This could potentially be extended to something like this:

transition 4 registers in 32 steps {
	for 31 steps
		with [$r0, $r1] do {
			// compute values for the first 2 registers
		},
		with [$r2, $r3] do {
			// compute values for the other 2 registers
		};

	for 1 step do {
		// compute values for all 4 registers
	}
}

And maybe even result in something that would allow AIR “reusability” like this:

transition 4 registers in 32 steps {
	for 31 steps
		with [$r0, $r1] do RescueHash,
		with [$r2, $r3] do RescueHash;

	for 1 step do {
		// compute values for all 4 registers
	}
}

There are still a lot of moving parts though and I’m not sure if the exact definition as I outlined above would work best. So, I might have to come up with some other construct that would work better.

vbuterin · June 25, 2019, 2:36am

The main problem I see with that approach is that the bulk of code that I expect people will want to write in the long term is not going to be these long repeats, but rather the operation is going to change step by step. So making for x steps do y be the base construct makes everything needlessly verbose. IMO the ideal goal would be a language similar to “normal” languages, something like:

for i in range(32):
    r1 <- r1**3 + c1[i]
r2 <- r1 + 5
r3 <- RescueHash(r1, r2)
r4 <- r3 + 10
for i in range(32):
    r4 <- RescueHash(r4, c2[i])*c3[i] + RescueHash(c2[i], r4)*(1 - c3[i])
....

This gets us to something that regular people could easily program in

bobbinth · June 25, 2019, 10:37pm

Yep - something like that is the ultimate goal, but getting there will take some time

At this point, I’d like to keep it somewhat close to the actual execution semantics, ideally, with each block of statements describing a single state transition. But even with this restriction, the syntax can be simplified when verbosity adds no extra information.

The thing that seems more complicated to me is coming up with elegant constructs to loop over multiple sets of inputs. For example, for a Merkle proof of depth 16 there would be 16 input values to hash sequentially. This can be handled using readonly registers, but this approach is not very intuitive.
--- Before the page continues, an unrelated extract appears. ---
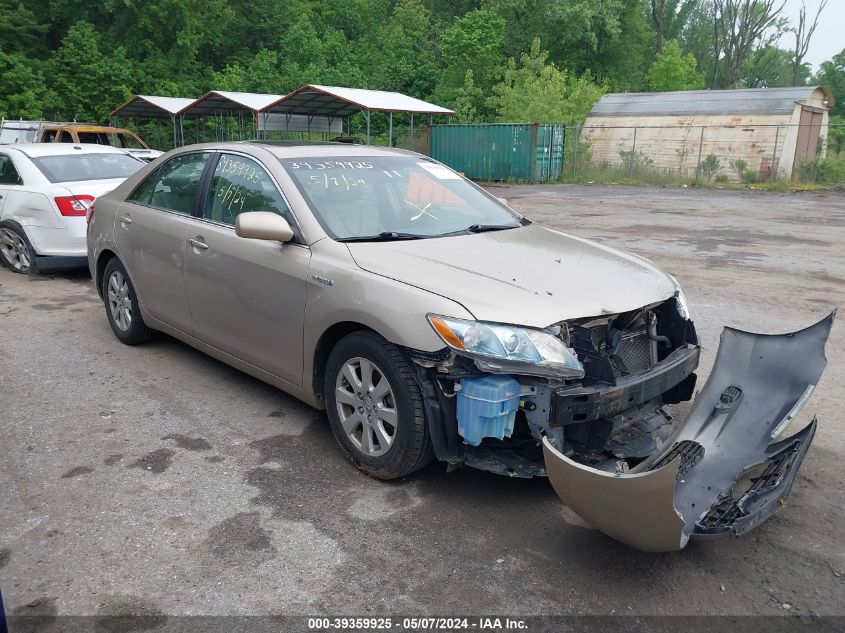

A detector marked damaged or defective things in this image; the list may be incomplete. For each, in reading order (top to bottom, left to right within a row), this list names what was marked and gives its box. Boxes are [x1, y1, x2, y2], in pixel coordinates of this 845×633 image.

damaged tan sedan [85, 142, 832, 548]
detached front bumper [540, 314, 832, 552]
crumpled front end [540, 314, 832, 552]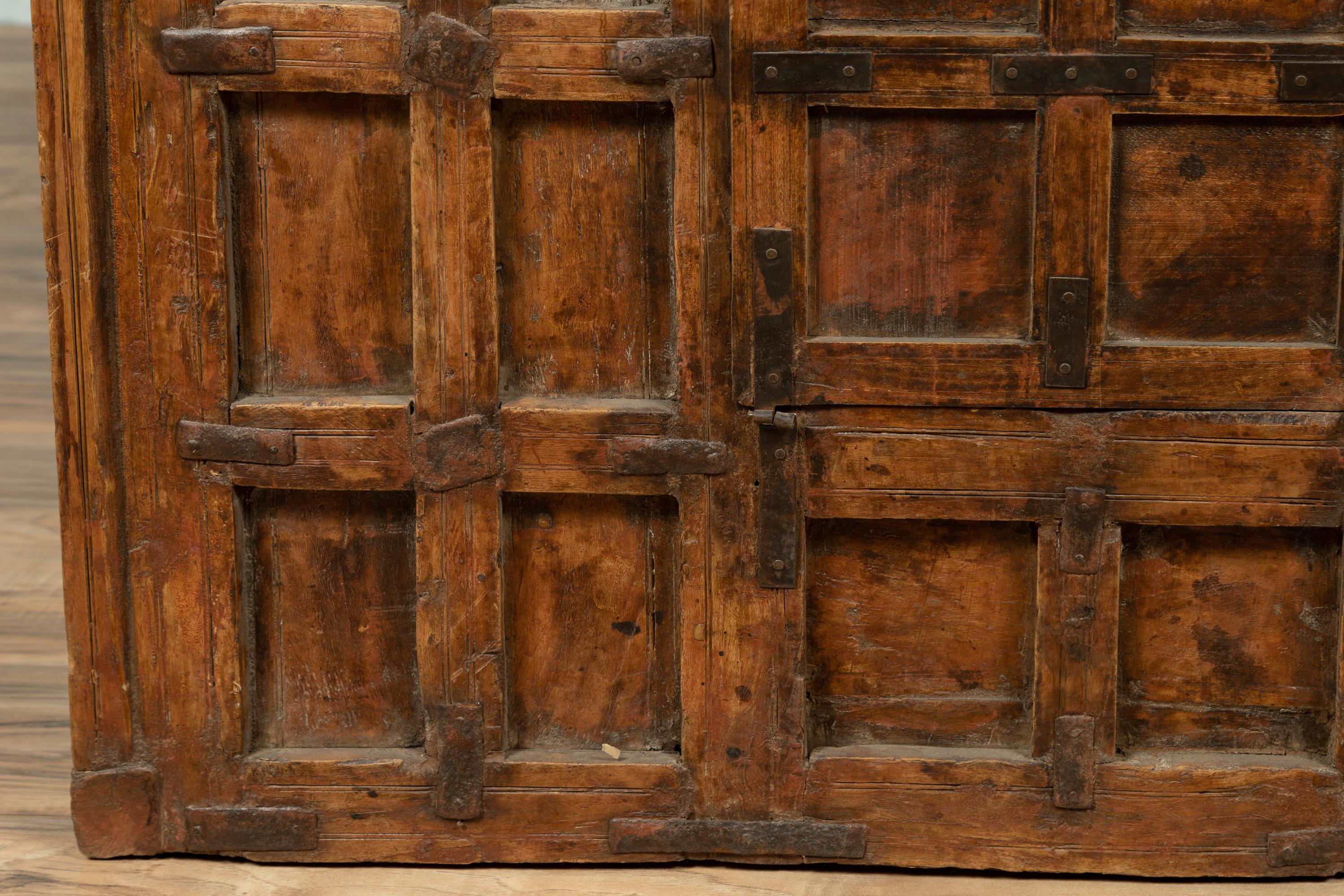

Once I come up with a good way to address this, other things should fall into place as well.

vbuterin · June 26, 2019, 12:01am

Readonly registers seems like the logical place to put that. The goal would be that a slightly higher level language would see code such as:

for i in range(32):
    r4 <- RescueHash(r4, c2[i])*c3[i] + RescueHash(c2[i], r4)*(1 - c3[i])

And if you specify c = [....] as an input then it would automatically place that into the right position of the readonly registers.

vbuterin · June 26, 2019, 12:03am

Is the language I suggested above really that far away? It seems to be that if you wrap every line in for 1 step do { ... } (and the for i in range(32) becomes for 32 steps do { ... } where i can be determined from a computational step counter register) then you basically convert it to the language you suggest above.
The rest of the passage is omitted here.